Monday, December 07, 2015

AD&D Players Handbook part 11

We begin with a brief description of each class and its role in the game: Clerics are support, with some offensive and melee capabilities; Druids are like clerics, but less able in combat and more useful in the wilderness; Fighters are fighters; Paladins are fighters who are Lawful Good, and gain some clerical powers at high level; Rangers are powerful fighters who gain some spells at higher levels; magic-users are weak in battle, but have a lot of powerful and useful spells; Illusionists are like magic-users, but with a different spellcasting focus; Thieves use cunning, nimbleness and stealth; Assassins are "quiet killers of evil nature"; and Monks are trained to fight with their bare hands.

All ten of these classes have appeared in the game before, although some are altered from their original form.  The following classes were introduced during the OD&D era, but haven't made the cut for AD&D: Alchemists (from The Dragon #2), Healers, Samurai and Berserkers (all three from The Dragon #3).  The Bard (introduced in The Strategic Review #3) isn't listed above, but it's included in AD&D as part of an appendix.  Boy, is it ever.

The opening section ends with a note that multi-class character are only limited in weapon/armor selection in regards to the Thief.  Anyone else can apparently have at it, which means fighter/magic-users can cast fireballs in plate mail and fighter/clerics can use all the bladed weapons they damn well please.

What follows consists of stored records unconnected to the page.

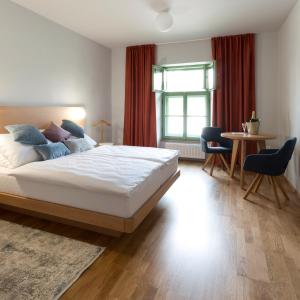 a bedroom with a bed and a table and a window at Hotel Tři knížata in Jihlava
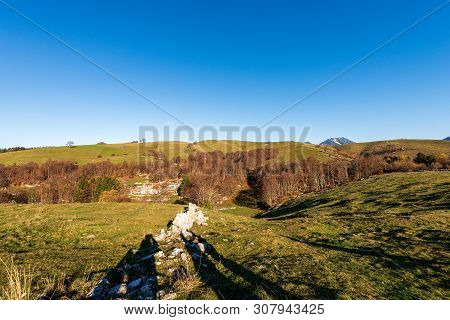 Lessinia Plateau In Autumn And Alps (carega Mountain Called Small Dolomites). Regional Natural Park 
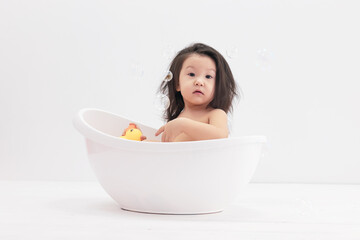 Little Asian girl takes a bath and plays duck toy. She is sitting in the bath.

From there we go to Character Classes Table I, which contains several things of note.  Clerics, Druids, Fighters, Paladins, Thieves and Assassins have all started using a larger die to generate hit points (for example, Fighters have gone from using a d8 to a d10).  Rangers are a special case, in that they have retained the d8 for hit points, but gained an extra die at first level: they potentially start strong, but will fall behind Fighters and Paladins as they reach higher levels. We can see that Assassins are limited to a maximum of level 14 (as before), while Druids can now advance to a max of 14th (one higher than previously) and Monks can reach a max of 17th (also one higher).

The way that hit points work for multi-classed characters is detailed below this table: basically, when you gain a level in a class you roll the appropriate die (or dice if you're advancing in multiple classes at once), add your Constitution modifier, and divide the total by your own total number of classes (i.e. a fighter/magic-user/thief would divide his total by three, even when advancing only in one or two classes). My notes are a bit hazy on multi-classing in OD&D (probably because the game itself was hazy), but this might be the first concrete explanation of how this is supposed to work.

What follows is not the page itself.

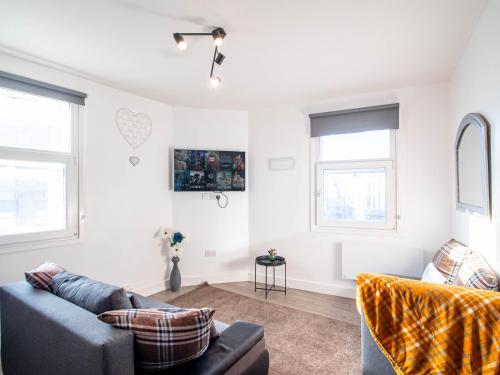 a living room with a couch and two windows at The heart of Huddersfield hideaway in Huddersfield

Character Classes Table II lists the weapons and armour that the various classes are allowed to use.  It follows what's been established in OD&D pretty closely.  I'm always surprised to see that Thieves aren't permitted to use any kind of bows; as far as missile weapons go, they're restricted to daggers, darts and slings.  There's a note below the table that characters of under 5' height can't use a longbow or any weapon over 12' long, and that those weighing under 100 pounds can't use heavy crossbows, two-handed swords or polearms over 200 coins in weight.  It's a nod to realism, but it's also the sort of fiddly detail that gets forgotten during play.  I think 3rd edition does it better, with the use of size categories and different-sized weapons.  It's easier to remember at the table.

Of more interest are the two categories at the end of this chart: which classes are permitted to use flaming oil and poison?  In the case of flaming oil, anyone can use it except for monks.  I'm not sure why monks would be so averse to it when all the other classes are fine, but they do have the handy "derived from a foreign culture" origin to fall back on.  I can always give them a bullshit "code of honour" of the sort that martial artists always get slapped with.

Poisons are a bit trickier.  Assassins are the only class that are definitely allowed the use of poison.  Paladins are strictly forbidden, as are non-evil Clerics.  For everyone else, its use and availability is determined by the DM.  A wise decision for such a potential game-breaker.